EXERCISE DIRECTIONS: Where does the word "Fashion" show up in the data? Please find each such line and copy it.

PROVIDED RECORDS:
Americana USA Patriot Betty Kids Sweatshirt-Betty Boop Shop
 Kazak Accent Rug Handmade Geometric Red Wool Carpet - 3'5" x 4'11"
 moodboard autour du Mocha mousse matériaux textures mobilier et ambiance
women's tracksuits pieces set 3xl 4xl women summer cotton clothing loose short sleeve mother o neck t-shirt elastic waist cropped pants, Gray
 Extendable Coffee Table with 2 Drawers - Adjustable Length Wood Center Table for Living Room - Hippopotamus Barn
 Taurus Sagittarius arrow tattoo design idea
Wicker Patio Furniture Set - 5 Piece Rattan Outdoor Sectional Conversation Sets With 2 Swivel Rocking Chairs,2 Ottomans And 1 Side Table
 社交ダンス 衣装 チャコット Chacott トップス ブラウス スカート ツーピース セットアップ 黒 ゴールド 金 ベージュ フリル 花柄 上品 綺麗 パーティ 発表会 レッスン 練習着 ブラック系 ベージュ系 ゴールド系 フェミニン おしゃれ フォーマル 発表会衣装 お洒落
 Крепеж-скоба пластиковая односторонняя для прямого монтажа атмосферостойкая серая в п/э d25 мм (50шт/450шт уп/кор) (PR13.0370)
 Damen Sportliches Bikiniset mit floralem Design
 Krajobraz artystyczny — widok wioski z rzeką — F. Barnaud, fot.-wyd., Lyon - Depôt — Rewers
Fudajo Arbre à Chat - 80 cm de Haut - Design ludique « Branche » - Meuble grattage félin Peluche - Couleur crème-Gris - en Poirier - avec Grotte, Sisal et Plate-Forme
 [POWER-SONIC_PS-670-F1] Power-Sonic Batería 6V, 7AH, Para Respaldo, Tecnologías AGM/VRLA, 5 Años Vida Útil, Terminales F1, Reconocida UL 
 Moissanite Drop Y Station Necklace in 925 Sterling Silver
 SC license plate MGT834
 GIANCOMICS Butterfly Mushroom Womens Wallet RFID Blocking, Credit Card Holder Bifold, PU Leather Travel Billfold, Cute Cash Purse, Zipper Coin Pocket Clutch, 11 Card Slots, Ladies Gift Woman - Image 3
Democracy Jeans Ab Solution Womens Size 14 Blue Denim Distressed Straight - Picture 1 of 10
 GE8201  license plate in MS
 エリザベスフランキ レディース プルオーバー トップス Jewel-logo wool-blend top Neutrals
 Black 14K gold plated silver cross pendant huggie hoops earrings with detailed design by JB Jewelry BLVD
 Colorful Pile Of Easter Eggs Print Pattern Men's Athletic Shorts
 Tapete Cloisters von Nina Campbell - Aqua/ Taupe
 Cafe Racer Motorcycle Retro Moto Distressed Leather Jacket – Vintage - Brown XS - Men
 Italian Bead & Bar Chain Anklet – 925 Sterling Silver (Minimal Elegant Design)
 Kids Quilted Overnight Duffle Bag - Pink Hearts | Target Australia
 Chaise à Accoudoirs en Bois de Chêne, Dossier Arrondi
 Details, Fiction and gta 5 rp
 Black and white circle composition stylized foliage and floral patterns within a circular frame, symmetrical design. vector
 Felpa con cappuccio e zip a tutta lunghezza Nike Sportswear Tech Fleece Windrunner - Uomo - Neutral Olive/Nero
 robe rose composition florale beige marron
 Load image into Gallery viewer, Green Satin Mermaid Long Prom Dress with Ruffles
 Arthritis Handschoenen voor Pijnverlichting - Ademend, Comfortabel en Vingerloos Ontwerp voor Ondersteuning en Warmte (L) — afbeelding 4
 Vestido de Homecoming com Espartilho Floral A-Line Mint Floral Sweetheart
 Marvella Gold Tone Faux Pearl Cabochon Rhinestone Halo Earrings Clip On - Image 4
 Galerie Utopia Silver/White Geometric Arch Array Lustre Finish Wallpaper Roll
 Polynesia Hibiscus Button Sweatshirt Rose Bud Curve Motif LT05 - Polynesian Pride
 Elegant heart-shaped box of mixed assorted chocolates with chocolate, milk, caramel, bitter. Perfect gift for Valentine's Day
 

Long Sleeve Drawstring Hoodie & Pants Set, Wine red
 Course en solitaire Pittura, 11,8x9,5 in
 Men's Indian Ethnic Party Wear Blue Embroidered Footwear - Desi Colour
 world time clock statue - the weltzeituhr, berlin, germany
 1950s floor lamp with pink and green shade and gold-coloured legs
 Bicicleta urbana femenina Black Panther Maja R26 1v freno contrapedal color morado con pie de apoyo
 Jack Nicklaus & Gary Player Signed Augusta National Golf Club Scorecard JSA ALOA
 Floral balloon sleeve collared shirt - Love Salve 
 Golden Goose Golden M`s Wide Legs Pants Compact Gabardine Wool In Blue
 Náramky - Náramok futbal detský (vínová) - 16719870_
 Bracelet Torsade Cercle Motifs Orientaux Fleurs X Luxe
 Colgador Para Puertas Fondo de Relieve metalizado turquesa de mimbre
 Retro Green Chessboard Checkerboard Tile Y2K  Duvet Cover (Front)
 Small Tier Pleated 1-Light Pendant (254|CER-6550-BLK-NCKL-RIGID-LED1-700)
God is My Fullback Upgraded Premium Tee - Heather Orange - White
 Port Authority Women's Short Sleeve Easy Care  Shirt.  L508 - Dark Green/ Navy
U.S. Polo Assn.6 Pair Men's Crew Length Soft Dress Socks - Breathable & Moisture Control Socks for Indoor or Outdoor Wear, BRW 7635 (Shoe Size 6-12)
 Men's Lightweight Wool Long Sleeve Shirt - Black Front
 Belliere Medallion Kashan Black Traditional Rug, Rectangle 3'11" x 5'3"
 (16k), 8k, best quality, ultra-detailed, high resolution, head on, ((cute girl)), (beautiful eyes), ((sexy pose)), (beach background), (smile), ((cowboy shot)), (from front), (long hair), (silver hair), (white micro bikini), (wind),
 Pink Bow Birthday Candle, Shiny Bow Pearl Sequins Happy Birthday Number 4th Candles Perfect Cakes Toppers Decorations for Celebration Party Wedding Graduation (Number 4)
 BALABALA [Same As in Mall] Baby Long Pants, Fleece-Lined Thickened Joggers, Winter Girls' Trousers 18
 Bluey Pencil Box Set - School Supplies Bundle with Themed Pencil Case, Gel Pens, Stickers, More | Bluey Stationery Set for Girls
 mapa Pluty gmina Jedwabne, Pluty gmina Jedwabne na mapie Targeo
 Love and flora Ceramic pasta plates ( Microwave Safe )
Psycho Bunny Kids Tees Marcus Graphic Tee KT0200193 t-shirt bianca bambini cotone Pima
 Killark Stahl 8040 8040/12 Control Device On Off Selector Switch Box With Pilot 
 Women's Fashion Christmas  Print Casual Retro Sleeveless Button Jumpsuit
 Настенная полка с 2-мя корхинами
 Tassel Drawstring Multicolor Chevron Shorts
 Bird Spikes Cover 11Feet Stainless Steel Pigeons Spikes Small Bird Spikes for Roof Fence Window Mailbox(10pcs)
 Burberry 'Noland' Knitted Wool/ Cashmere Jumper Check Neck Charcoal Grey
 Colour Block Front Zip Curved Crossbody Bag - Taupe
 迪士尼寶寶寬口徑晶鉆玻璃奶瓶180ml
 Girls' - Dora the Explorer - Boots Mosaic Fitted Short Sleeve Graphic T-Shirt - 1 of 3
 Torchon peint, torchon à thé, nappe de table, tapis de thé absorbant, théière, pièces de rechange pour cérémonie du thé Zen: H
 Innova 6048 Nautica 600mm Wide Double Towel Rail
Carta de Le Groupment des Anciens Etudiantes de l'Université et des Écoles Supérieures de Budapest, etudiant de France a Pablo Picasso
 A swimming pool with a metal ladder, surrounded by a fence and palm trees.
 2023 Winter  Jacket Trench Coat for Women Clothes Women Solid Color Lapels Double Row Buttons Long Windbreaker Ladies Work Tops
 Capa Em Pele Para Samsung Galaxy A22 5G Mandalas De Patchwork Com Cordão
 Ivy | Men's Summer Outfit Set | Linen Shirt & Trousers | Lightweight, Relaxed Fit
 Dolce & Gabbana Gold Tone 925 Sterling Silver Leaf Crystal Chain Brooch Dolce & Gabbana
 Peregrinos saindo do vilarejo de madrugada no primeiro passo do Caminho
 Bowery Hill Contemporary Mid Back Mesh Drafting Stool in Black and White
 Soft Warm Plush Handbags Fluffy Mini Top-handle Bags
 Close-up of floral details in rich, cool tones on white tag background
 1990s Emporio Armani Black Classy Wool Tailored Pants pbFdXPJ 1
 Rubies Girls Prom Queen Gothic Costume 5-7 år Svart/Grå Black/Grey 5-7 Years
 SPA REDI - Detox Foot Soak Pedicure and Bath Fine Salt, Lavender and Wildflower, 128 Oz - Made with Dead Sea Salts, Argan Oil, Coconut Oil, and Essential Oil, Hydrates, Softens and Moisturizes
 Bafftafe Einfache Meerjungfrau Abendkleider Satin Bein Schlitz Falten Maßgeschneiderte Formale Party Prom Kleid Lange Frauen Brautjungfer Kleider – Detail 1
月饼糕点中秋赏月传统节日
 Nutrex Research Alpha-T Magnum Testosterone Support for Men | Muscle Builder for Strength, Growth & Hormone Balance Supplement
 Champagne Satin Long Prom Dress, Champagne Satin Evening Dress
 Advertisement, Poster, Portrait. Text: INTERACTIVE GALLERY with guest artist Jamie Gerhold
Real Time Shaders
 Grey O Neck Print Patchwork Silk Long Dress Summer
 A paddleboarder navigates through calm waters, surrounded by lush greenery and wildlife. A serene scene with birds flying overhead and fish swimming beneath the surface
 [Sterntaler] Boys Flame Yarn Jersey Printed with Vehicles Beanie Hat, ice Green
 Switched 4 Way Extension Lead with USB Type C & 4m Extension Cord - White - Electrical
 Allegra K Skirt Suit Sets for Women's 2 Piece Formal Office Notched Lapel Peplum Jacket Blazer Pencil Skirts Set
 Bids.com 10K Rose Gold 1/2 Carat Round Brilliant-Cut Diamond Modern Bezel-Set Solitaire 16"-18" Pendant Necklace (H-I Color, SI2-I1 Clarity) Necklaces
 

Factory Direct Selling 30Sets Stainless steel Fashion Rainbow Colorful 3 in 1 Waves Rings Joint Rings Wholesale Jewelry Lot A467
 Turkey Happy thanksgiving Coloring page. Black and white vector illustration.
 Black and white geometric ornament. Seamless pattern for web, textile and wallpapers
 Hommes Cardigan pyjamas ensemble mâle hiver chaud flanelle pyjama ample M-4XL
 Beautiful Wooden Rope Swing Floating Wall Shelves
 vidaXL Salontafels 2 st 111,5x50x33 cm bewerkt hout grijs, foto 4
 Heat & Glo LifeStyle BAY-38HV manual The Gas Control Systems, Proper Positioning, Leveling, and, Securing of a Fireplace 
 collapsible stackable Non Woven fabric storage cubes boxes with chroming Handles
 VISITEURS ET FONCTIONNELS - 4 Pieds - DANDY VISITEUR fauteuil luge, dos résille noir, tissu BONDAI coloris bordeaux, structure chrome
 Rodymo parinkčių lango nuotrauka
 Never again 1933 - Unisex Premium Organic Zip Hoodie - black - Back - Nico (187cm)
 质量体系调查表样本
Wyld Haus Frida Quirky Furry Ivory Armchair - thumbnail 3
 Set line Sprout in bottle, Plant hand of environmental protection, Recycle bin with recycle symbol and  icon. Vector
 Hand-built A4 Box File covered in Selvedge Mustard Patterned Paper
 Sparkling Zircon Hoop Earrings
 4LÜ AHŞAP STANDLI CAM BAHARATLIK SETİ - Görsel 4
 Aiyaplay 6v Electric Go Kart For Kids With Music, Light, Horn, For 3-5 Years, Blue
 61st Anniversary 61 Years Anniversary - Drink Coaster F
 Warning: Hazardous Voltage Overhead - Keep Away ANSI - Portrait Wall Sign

WRITTEN RESPONSE:
 Women's Fashion Christmas  Print Casual Retro Sleeveless Button Jumpsuit
Factory Direct Selling 30Sets Stainless steel Fashion Rainbow Colorful 3 in 1 Waves Rings Joint Rings Wholesale Jewelry Lot A467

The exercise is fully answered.